9th symposium on human interaction with complex systems 2009 (HICS-2009)
9th symposium on human interaction with complex systems 2009 (HICS-2009)
It is with gratitude that I welcome you to Greenbelt, MD for the 9th Symposium on Human Interaction with Complex Systems (HICS) and the 3rd Topical Workshop on Sensemaking. This year’s theme is “Understanding Complexity in the Age of Information Technology Work Systems” This theme is appropriate given the growing concern about human roles in the future work systems, which are almost entirely governed by laws of information technology. These work systems are characterized as being time-critical, dynamic, and complex. The information streams are a mixture of human and technology driven sensors. Thus, not only are the sources of information diverse, distributed, and possibly conflicting, but also the acquired information is very likely noisy, dynamic, incomplete, and uncertain. The key human endeavor then involves not only identifying valuable information in a timely fashion, sharing this information across agencies in an efficient manner, but also integrating volumes of disparate information to support strategic decision making.
Related to these information issues, sensemaking has recently emerged as the cognitive filter that can delimit some of the information clouds. Sensemaking is the ability to mine or excavate information in context, mentally integrate information, and discover relationships during the process. As simple as it may sound, the modus operandi of achieving the tasks of sensemaking are by themselves complex since the human mind and its tacit knowledge cannot deal with all the nuances of ecological niches and organizational factors without cognitive cost. This year’s symposium provides a renewed interest in addressing both the cognitive and neuroscience issues of sensemaking in an information technology driven workplace with its dynamic and complex characteristics. The selected papers in five tracks have attempted to present the synoptic views from the system design and modeling perspectives. Most importantly, the selected plenary speakers, with a wealth of experience in battle command systems, cognitive neuroscience, and human-robot interaction, bring more divergent views that finally converge on the issue of human dimensions-supporting the human to make sense of the task environments by using human characteristics to drive system design.
On a more knowledge intensive level, two panels are organized using subject matter experts. Panel I is on Battle Command Essential Capabilities which showcase talents from Battle Command Battle Laboratory-Leavenworth and expert support casts from Army Research Laboratory (ARL). Panel II is on Cognitive Neuroscience of Sensemaking with experts from industry and all three-tier USA services participating by invitation. By mapping the battle command essential capabilities such as technology and command leadership to the capacities of individual and group cognition and neural information processing, the obvious is expected to emerge-the insight into how human dimensions and the warfighter capability outcomes will drive the future of battlefield performance-especially in austere and asymmetric environments.
We hope you will continue to be a part of our scholarly activities. Feel free to send us your comments and suggest topics for 2010 HICS by email at humansys@ncat.edu.
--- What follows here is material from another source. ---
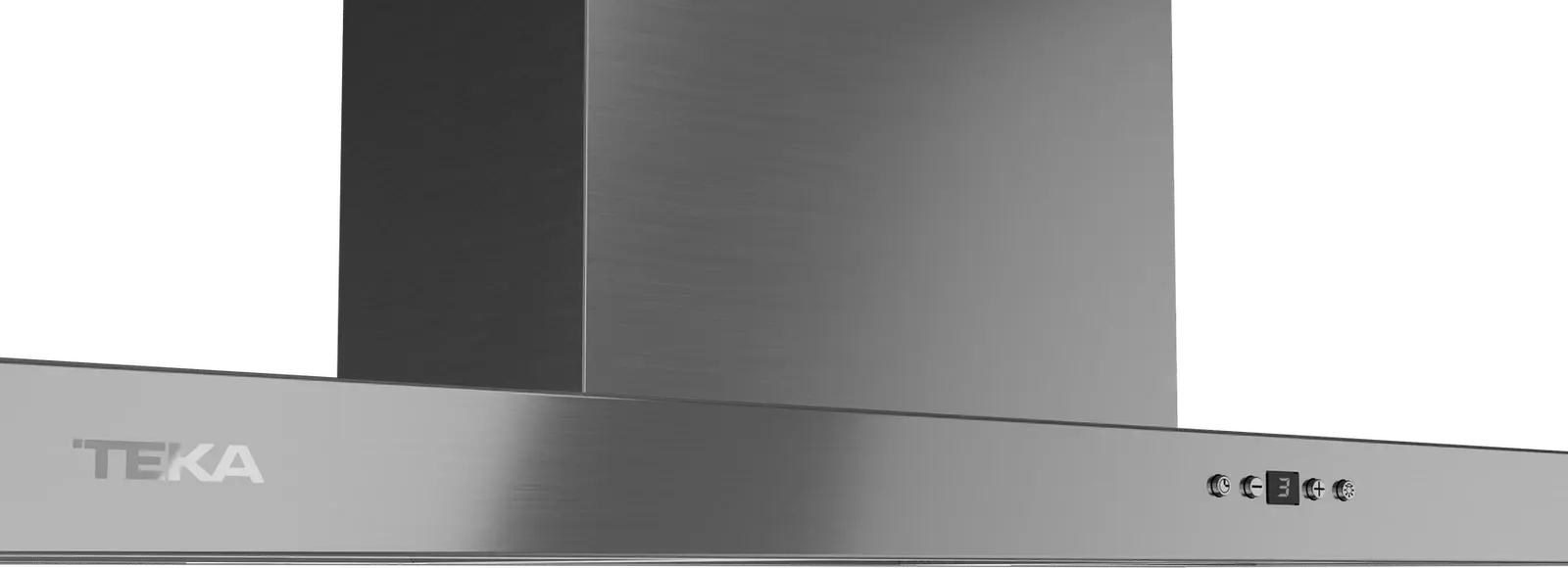 Hota Decorativă de Perete Teka DSH 986 Ultraslim, 90 cm Inox, Motor EcoPower, Iluminare LED, Timer, Capacitate Absorbție 735 m3/h, Clasa Energetică A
My special gratitude to all the members of the international technical committee, the local planning committee, the Chair of the program committee, supports from Battle Command Battle Lab at Fort Leavenworth, Army Research Office, the Office of Secretary of Defense (OSD), Department of Industrial & Systems Engineering and North Carolina A&T State University; and many others whom I have no space to mention. Enjoy the conference.
Celestine A. Ntuen, Ph.D
Distinguished University Professor & Director
USA Army Center for Human-Centric Command & Control Decision Making
Center for Human-Machine Studies
North Carolina A&T State University
Greensboro, NC 27411, USA
Track Description
Track 1 | Human Factors
Human Factors is a discipline that deals with design of systems for, and with, the human mind. In the age of information work systems, the demand for human factors explanation to human performance remains elusive. One reason for this is the shift in demand of human resources to more cognitive tasks and pervasive use of human memory when interacting with technology systems. This track was specifically designed to introduce REU (Research Experience for Undergraduate) students to research methods in modern human factors. Papers presented in this tract deal with neuroergonomics, attention, multimodal conflicts, and errors in human-machine systems.
Track 2 | Human-Computer Interaction
Human-computer interaction provides the global lens of understanding the age of information work systems. Human-computer interaction (HCI) is a study, a model, and/or a paradigm used to describe how humans interact/interface with technology. While HCI is a matured discipline, the pervasive and ubiquitous design of HCI has generated interest in the social dimension issues of trust and quantifying human performance while interacting with HCI to perform some domain specific tasks. This track has papers to provide answers to the elusive problems addressed in every aspect of system design and analysis by researchers and practitioners.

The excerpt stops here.